I drove around for a bit as I looked for anyone I knew or others with whom to chat. After one pass between the Wawa on Aramingo and the Tracks, Mickey almost magically appeared at the back of the Wawa. She told me that she'd barely eaten since I saw her four days earlier. I asked where she'd like to go and she mentioned Popeye's Chicken. And so off we went, up Aramingo...
Unlike other times when I've taken Mickey to get something to eat, this time we went inside, ordered from the counter, received our order, went to a table and had dinner together. She had a two piece chicken dinner with macaroni and cheese plus a Cajun rice with added brown gravy. I had a three-piece chicken strip dinner with mashed potatoes and gravy. My drink was a vanilla Bark's Root Beer and Mickey's was an iced tea. She sat directly across from me at a table designed for four people.
Why did I just explain all that detail to you? Here's why....
I want you to understand that this dining experience could have been had by you and your child, date, spouse, platonic friend, your sports buddy or any socially accepted combination of two people. In our case, it was between a typically socially unacceptable combination of me and a triple addicted homeless 29-year-old woman who has been living on the street for four years. We had a reasonable conversation and equally enjoyed moments of silence just as any combination of two people would have during a regular meal together.

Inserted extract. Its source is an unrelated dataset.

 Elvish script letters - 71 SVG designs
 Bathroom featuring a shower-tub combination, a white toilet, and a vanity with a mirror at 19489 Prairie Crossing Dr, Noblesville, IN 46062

Afterward, we went to Walmart where Mickey found a nice pink-faced watch, a six-pack of women's rings and some smell good spray for her hair plus some cream for her aching feet. The total bill was not even $20.00. Mickey showed great restraint and courtesy in not spending more than what was needed for a few nice items that helped her feel better about herself.
And that's the point of this blog.
Mickey, just like every person you see on a street corner or at a store "panhandling" for money, is a human being who very much wants life to be "normal." This was made even more evident in Mickey's expressions of joy and the life in her eyes as we wrestled to unbind her new watch from its casing and the rings from their cardboard prison. Once that was done, she primped herself up with her new spray as she straightened her short hair while looking into the mirror that is attached to the passenger side sun visor of my van.
Again, I share these details with you to help you see that all of these activities are such that anyone would do if they were there to do them. There's nothing abnormal in any of it.
I was so taken by the normality of Mickey's actions and the joy in her eyes and expression that I commented to her. "I don't understand why you're living on the street." Everything you're doing is totally normal and reasonable. You have life in your eyes unlike some homeless and addicted people I've come to know." She smiled and said, "Thank you."
Between each of these places, we parked in the corresponding parking lot and listened to the radio and chatted for a short time. Mickey seemed to greatly appreciate the opportunity to just be herself and not the frightened homeless person that she is as she wanders alone from store to store in hopes of being tossed a quarter.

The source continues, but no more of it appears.